Blokir ini diajukan sebagai upaya pencegahan agar sertifikat tidak berpindah tangan selama proses hukum berjalan.
Kepala ATR/BPN Bantul, Tri Harnanto, menjelaskan bahwa blokir internal merupakan kewenangan kementerian berdasarkan Peraturan Menteri ATR/BPN, berbeda dari blokir biasa yang hanya berlaku selama 30 hari dan tidak dapat diperpanjang.
"Blokir internal berlaku sampai persoalan dianggap selesai atau tidak lagi berdampak. Ini langkah perlindungan terhadap pihak yang merasa dirugikan, dalam hal ini Pak Tupon," ujarnya saat menggelar konferensi pers di Kantor ATR/BPN Bantul, Selasa (29/4/2025).
Tri menambahkan, pihaknya telah menyurati Kantor Wilayah BPN DIY untuk meminta rekomendasi blokir internal, mengingat SHM tersebut masih memiliki hak tanggungan dan kasusnya dinilai masif. Setelah rekomendasi diterima, pemblokiran akan diproses melalui sistem aplikasi KKP.
Selain itu, BPN Bantul juga telah mencoba meminta klarifikasi dari Pejabat Pembuat Akta Tanah (PPAT) yang menyusun akta terkait. Namun, saat didatangi, kantor PPAT dalam keadaan tutup.
Jika nantinya ditemukan pelanggaran, pihak BPN menegaskan akan memberikan sanksi sesuai Peraturan Menteri ATR/BPN Nomor 2 Tahun 2018 tentang Pembinaan dan Pengawasan PPAT.
"Sanksi bisa berupa teguran tertulis, pembekuan kegiatan selama 3 bulan hingga 2 tahun, bahkan pemberhentian tidak hormat jika terbukti melakukan pelanggaran berat," tegas Tri Harnanto.
Kronologi Kasus Mbah Tupon
Sebelumnya, Mbah Tupon, warga RT 4 Padukuhan Ngentak, Kalurahan Bangunjiwo, Kapanewon Kasihan, Kabupaten Bantul, DIY, diduga menjadi korban mafia tanah.

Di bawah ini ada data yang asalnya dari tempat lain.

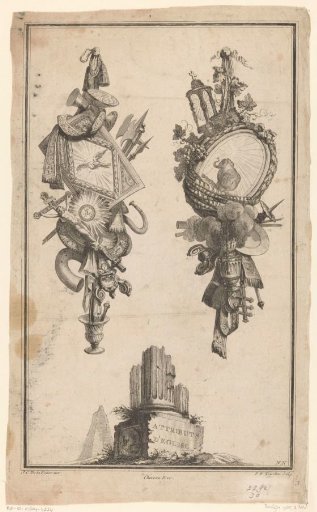 Trophies with a shield and a medallion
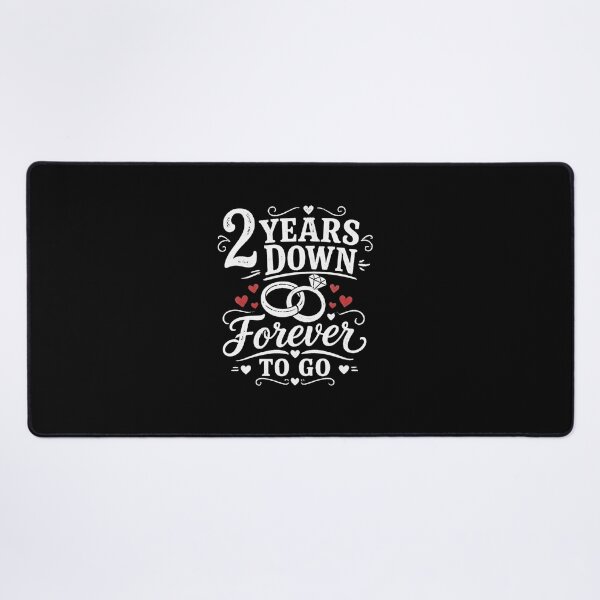 Item preview, 2 Years Down Forever To Go 2nd Wedding Anniversary Gift for Couples Men Women designed and sold by Mozaic Clothes.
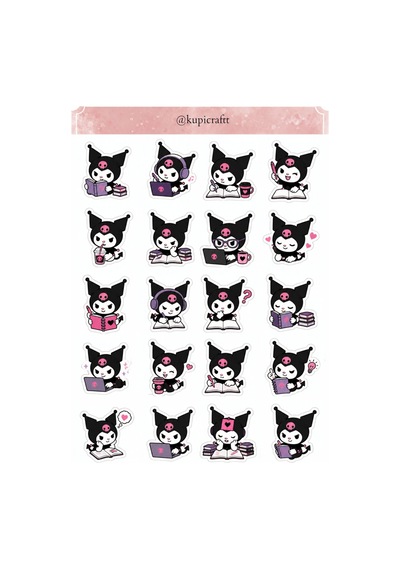 6 Sayfa Kuromi Sticker Seti Kuromi Temalı Ajanda Scrapbook Journal Etiket 0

Tanah miliknya seluas 1.655 meter persegi beserta beberapa rumah, tiba-tiba dilelang setelah dijadikan jaminan pinjaman sebesar Rp1,5 miliar tanpa sepengetahuannya. Ia pun mengaku terkejut mengetahui sertifikat tanahnya telah beralih nama.
Mbah Tupon menuturkan, dirinya tidak pernah merasa menjual tanah tersebut. Ia hanya beberapa kali diminta menandatangani berkas yang disebut untuk keperluan memecah sertifikat bagi anak-anaknya.
Karena tidak bisa membaca dan menulis, Mbah Tupon menuruti tanpa memahami isi dokumen. "Pas diajak tanda tangan itu saya cuma masuk ruangan, tanda tangan, lalu disuruh keluar. Tidak dibacakan apa-apa," ungkapnya.
Lebih lanjut, pria berusia 68 tahun itu berharap sertifikat tanah tersebut bisa kembali ke tangannya. "Tanah kulo niku, pokoke niku sertifikate wangsul wonten tangan kulo malih," harap Mbah Tupon dalam bahasa Jawa. (*)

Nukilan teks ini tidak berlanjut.